Images that can be interpreted in a variety of ways have existed for many decades, with the classical example being Rubin’s vase — which some viewers see as a vase, and others a pair of human faces.

When the duck becomes a bunny, if you ignore the graphical glitches that used to be part of the duck. (Credit: Steve Mould, YouTube)
When the duck becomes a bunny, if you ignore the graphical glitches that used to be part of the duck. (Credit: Steve Mould, YouTube)

Where things get trickier is if you want to create an image that changes into something else that looks realistic when you rotate each section of it within a 3×3 grid. In a video by [Steve Mould], he explains how this can be accomplished, by using a diffusion model to identify similar characteristics of two images and to create an output image that effectively contains essential features of both images.

Naturally, this process can be done by hand too, with the goal always being to create a plausible image in either orientation that has enough detail to trick the brain into filling in the details. To head down the path of interpreting what the eye sees as a duck, a bunny, a vase or the outline of faces.

Using a diffusion model to create such illusions is quite a natural fit, as it works with filling in noise until a plausible enough image begins to appear. Of course, whether it is a viable image is ultimately not determined by the model, but by the viewer, as humans are susceptible to such illusions while machine vision still struggles to distinguish a cat from a loaf and a raisin bun from a spotted dog. The imperfections of diffusion models would seem to be a benefit here, as it will happily churn through abstractions and iterations with no understanding or interpretive bias, while the human can steer it towards a viable interpretation.

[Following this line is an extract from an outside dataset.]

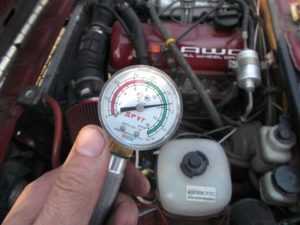 Замер компрессии в цилиндре двигателя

4 thoughts on “Creating A Twisted Grid Image Illusion With A Diffusion Model

  1. with the classical example being Rubin’s vase — which some viewers see as a vase, and others a pair of human faces.

    Not quite.

    https://en.wikipedia.org/wiki/Rubin_vase

    Any individual can see both figures (vase or faces) but never both at the same time. If you see the vase, the faces disappear. If you change your focus to see the faces, the vase disappears.

    For me, such images tend to flip-flop – first one interpretation is visible, then the other. Such images are slightly irritating because they are never still – they keep morphing between the possible interpretations.